There are many memories of Whitehall on which we might enlarge; scenes in the later life of Henry VIII.; scenes in the Court of Queen Mary; tilts, feasts, and entertainments by Queen Elizabeth; the death of Charles; the occupation by Cromwell; the mistresses of Charles the Deplorable—with a great many more. These, however, belong to the things already narrated. I have endeavored to recall certain associations which have hitherto belonged to the Book of the Things Left Out; and among them there are none so pleasing and so characteristic as the Masque in the reign of James I.
Now there is nothing left of Elizabeth’s Palace at all; of Charles’s Palace, only the latest and last construction, the Banqueting Hall. When the fires of 1691 and 1697 swept all away except this building, there perished a collection of courts and houses for the most part dingy, without the picturesque appearance of the old Palace, which, if it was crowded and huddled together, was full of lovely mediæval towers, gables, and carved work. Whitehall as a building was without dignity and without nobility. Yet one wishes that it had remained to the present day. Hampton Court, as I have said above, remains to show the world what Whitehall Palace was like.
William III. talked of rebuilding the place; but he died. Queen Anne took up her residence in St. James’s. And Whitehall Palace vanished.
CHAPTER IX.
THE CITY.
In a certain special sense, however, the House of Commons did belong to the City of Westminster for a long time. A great many of the country members lodged in the narrow streets round the Abbey. The reason is plain: there were no streets or houses in the meadows lying north and west of the Houses of Parliament; either the members must lodge in the City of London and take boat for St. Stephen’s, or they must lodge in Westminster itself. It is stated by a writer of the last century that the principal means of support for the people of Westminster were the lodging and entertainment of the members. The monks were gone; Sanctuary was gone; the Court was gone; but the members remained, and so the taverns remained, too, and the ancient reputation of Westminster as a thirsty city was happily uninjured.

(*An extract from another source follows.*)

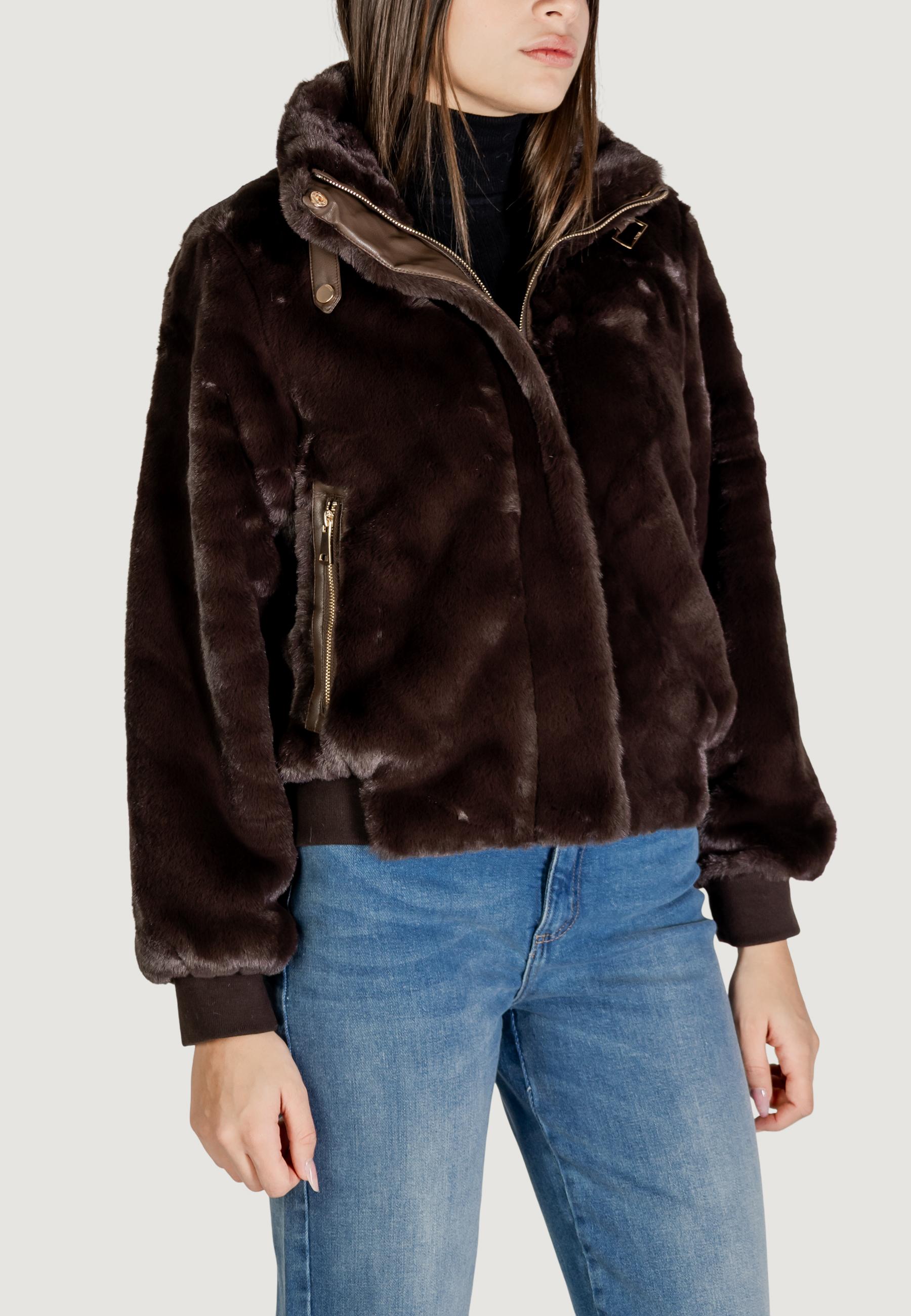 Pelliccia ecologica Choral PELLICCIA BOMBER CORTO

In another way Westminster created for itself a new distinction. As a borough it became notorious for the turbulence and the violence of the elections. Its central position, the King’s House always lying within its boundaries, the City of London its near neighbor, naturally caused an election at Westminster to attract more attention than an election at Oxford, say, or Winchester. Again, the electors of Westminster were not, probably, fiercer partisans than those of any other place, nor were their candidates always of greater importance; yet it is certain that for downright bludgeon rowdiness and riot, the rabble at Westminster, when it turned out at election time, was equaled by few towns, and surpassed by none.
Let us observe one point, which is instructive: the rabble had no votes; the butchers, those patriotic thinkers, who paraded the streets with clubs to the music of marrow-bones and cleavers; the chairmen, equal patriots of opposite convictions, who marched to the Way of War and the breaking of heads with their poles—formidable as pike or spear; the jolly sailors, convinced as to the foundations of order, who came along with bludgeons, thirsting for the display of their political principles—none of these brave fellows had any vote. Yet the share they took, the part they played, the influence they exercised in every election, cannot be disputed. The vote, you see, about which nowadays we make such a fuss, is by no means everything; in those days one stout fellow with a cudgel at the bottom of the steps of the hustings might be worth to his party fifty votes a day; he might represent as many voters sent home discouraged, or even persuaded, by a broken head, to a radical change of political principles.